On Apr 12, we downgraded genetic products company, Affymetrix Inc. (AFFX) to Underperform based on the company’s disappointing preliminary data for the first quarter of 2013.
Why the Downgrade?
Estimates for Affymetrix have been declining ever since it reported preliminary first-quarter results on Apr 9. Affymetrix’s expected revenues for the quarter are $78 million, which is significantly lower than the Zacks Consensus Estimate of $83 million. Further, the company’s current secured debt stands at $70 million.
Following the release of the dismal preliminary results, the Zacks Consensus Estimate for 2013 has gone down significantly by 37.5% to 5 cents per share in the last 7 days. The Zacks Consensus Estimate for 2014 has also declined (down 7.1% to 13 cents per share) for the same period. With the Zacks Consensus Estimates for both 2013 and 2014 going down, the company now has a Zacks Rank #5 (Strong Sell).
Cause of Concern
Affymetrix is posed with intense competition across its core markets and is exposed to tight global academic spending environment, which leads us to tread with caution. Weak gene expression array sales, especially in Japan, continue to weigh on the top line. This offset healthy revenues from genotyping and cytogenetics products, and moderate contribution from eBioscience.
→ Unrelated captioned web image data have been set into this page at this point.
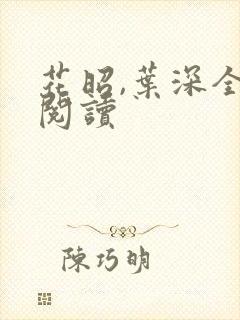 花昭,叶深全文阅读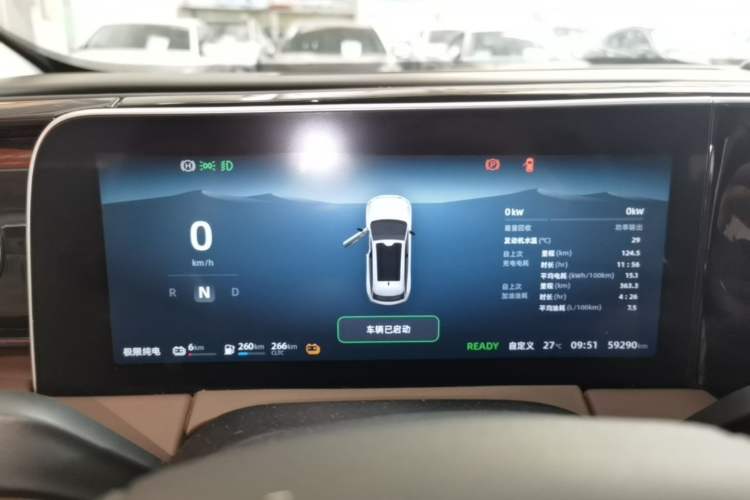 Used Leapmotor C11 2023 Range-Extended 200 Comfort Edition Instrument Cluster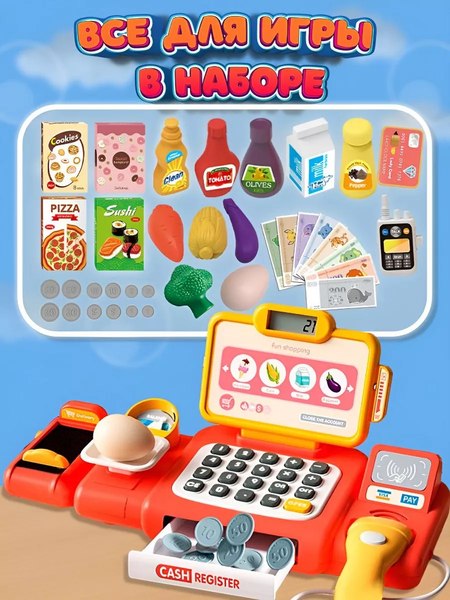 Касса игрушечная PlayOkay Мой Личный Супермаркет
The company also needs to leverage its debt level in an effort to strengthen its balance sheet. Given the massive pressure on the business, achieving its restructuring target appears bleak. The current Zacks Consensus Estimate for earnings per share for the first quarter of fiscal 2013 is nil, which declined 1 cent in the last 7 days.
Other Stocks to Consider
While we prefer to avoid Affymetrix until we see signs of improvement in the company’s performance, other companies like Osiris Therapeutics (OSIR), Cleveland BioLabs (CBLI) and Athersys (ATHX), all carrying a Zacks Rank #1 (Strong Buy), are expected to do well in the Medical-Biomed/Gene industry.